Bev frowned at Liam. “I am?”
Liam gave her a level look. “You needed another day, Bev. To get ready.” To get dressed, at least. Did she think wearing Fite would win them over? And he wasn’t finished designing the boards for her to present.
His telepathy failed him. “No, I don’t,” she said, lifting her eyebrows at Darrin. “Am I the only reason for the delay?”
“So far as I know,” Darrin said.
“And everyone else is ready?” she asked.
“Of course. My team worked through the weekend.”
Liam wanted to smack him. And Bev was buying it, giving Darrin those big sympathetic eyes of hers.
“Then we have to have it today.” She raised her eyebrows at Liam. “At ten, like you said last week.”

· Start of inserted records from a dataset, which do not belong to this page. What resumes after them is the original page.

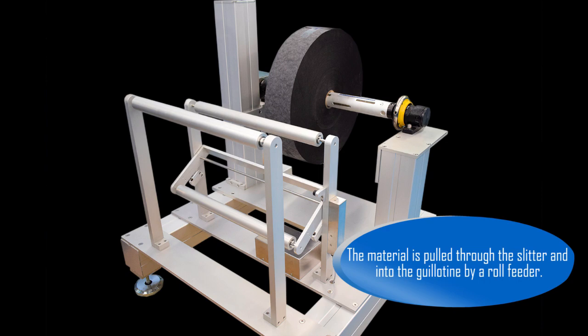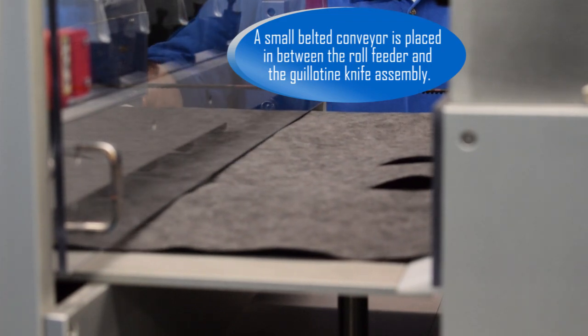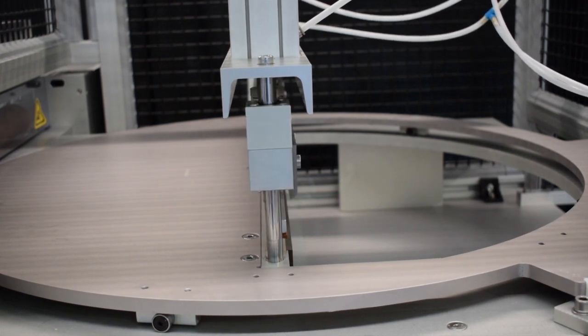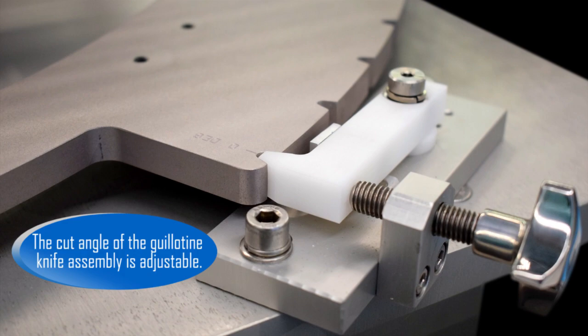The material is pulled through the slitter and into the guillotine by a roll feeder. A small belted conveyor is placed in between the roll feeder and the guillotine knife assembly. The cut angle of the guillotine knife assembly is adjustable.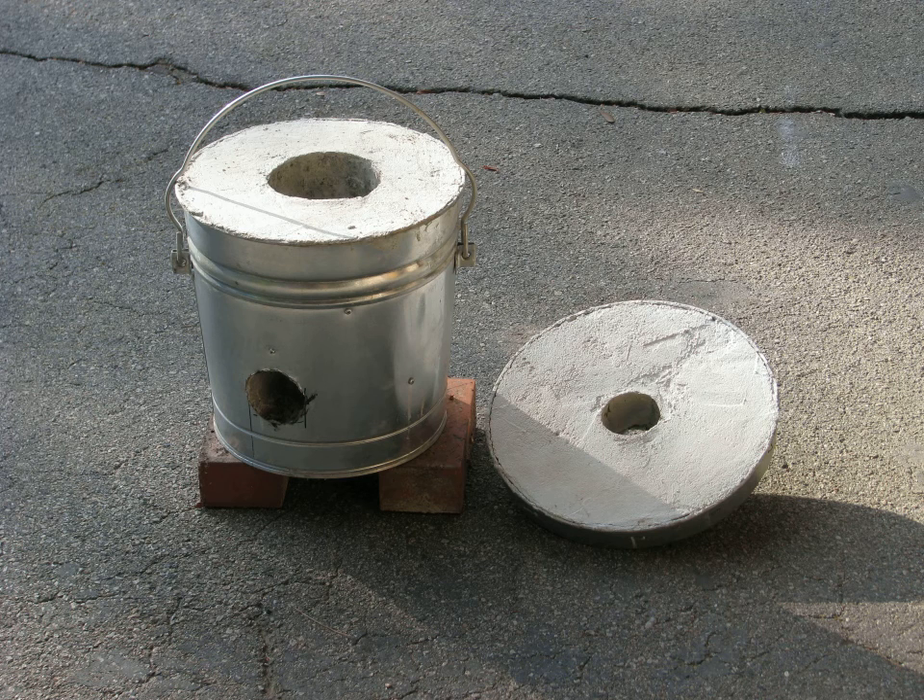It consists of a metal bucket or pail of at least five gallons which is lined with refractory grout. This type of furnace can use either a gas burner or charcoal with an air blast, and it's a good solution for melting pot metal or aluminum to make small or medium sized castings.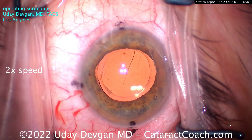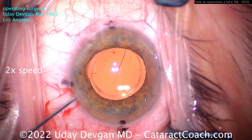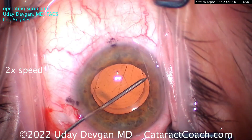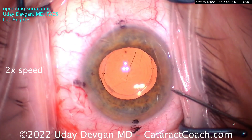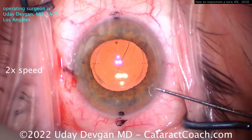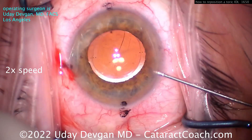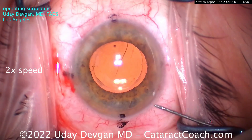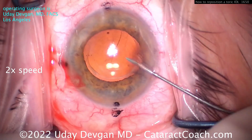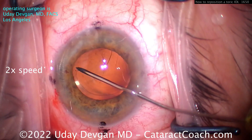If you check right now, the IOP is probably in the low single digits. Going in, we're going to use a needle — put the needle bevel down on your dispersive viscoelastic — and you need to get that gently under the capsule edge in both directions. When you get under there, inject a little aliquot of viscoelastic because that's going to help tent up that anterior capsule rim.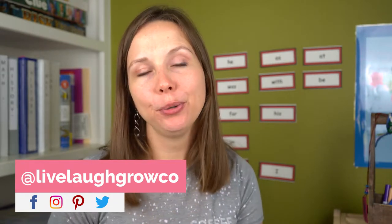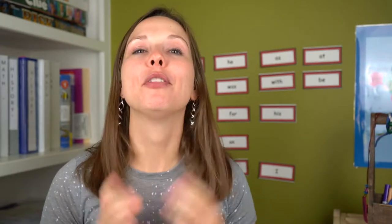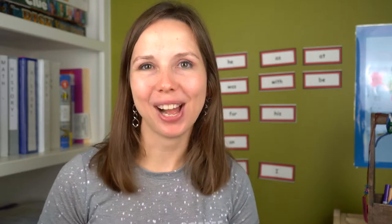Hey y'all, I'm Laura, the creator of Live Laugh Grow. Welcome back, or if you're a new visitor to the Live Laugh Grow site, welcome. I'm so glad to have you. Today we are going to be talking about the must-haves of homeschool supplies.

“Darrin was just telling me how tired he is. One more day will—”
“I’m fine,” Darrin said slowly, looking at Liam then back at Bev, measuring and calculating, the transparent weasel. “Whatever works for Bev works for me.”
Bev gave him two thumbs up. “Great! See you then.” And disappeared.
Liam picked at a thread on his sleeve, his remorse thickening. He had set her up. This was his idea. But that was last week, before—
Before. He ran his finger down the edge of his desk, remembering the feel of her impossibly soft skin under his palms. Whatever happened now was all his doing, and he’d have to live with it.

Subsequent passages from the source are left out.